Discouragement has been trying to sneak into my heart lately. I bar the doors and it makes faces at me through the windows. I shut the curtains and it sticks out its tongue on the news reports. I flip through Netflix and see it dressed up as reason or compassion or as humour – in black of course. I shut the TV off and discouragement pops up on my phone. Even in-person conversations take a sudden tilt toward you-think-that’s-bad.
Here’s the thing. You can’t escape discouragement when you’ve allowed it to have a camping spot in your head.

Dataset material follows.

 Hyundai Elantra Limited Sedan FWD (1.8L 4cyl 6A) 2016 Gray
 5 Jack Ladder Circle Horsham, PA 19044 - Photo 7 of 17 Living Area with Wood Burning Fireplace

We had a problem with mice in the house once. While we were on vacation they got into the pantry. Screaming may have been involved when I opened the doors. I set traps, cleaned up and stored everything in plastic bins after that, but they would still show up. (More screaming.) We called for help.
The exterminator searched all around and found we had a spilled bag of grass seed in the garden shed near the back door.
“There’s your problem,” he said. “They eat in your garden restaurant then come into the house to keep warm. They only need an opening as big as their nose to squeeze through. Get rid of what they are feeding on and they will go away.”
It was one of those moments when I heard God speaking with the accent of a pest control expert.
Get rid of what they are feeding on and they will go away.
I said this to someone else yesterday and heard God’s voice in my own.
Get rid of what discouragement is feeding on and it will go away.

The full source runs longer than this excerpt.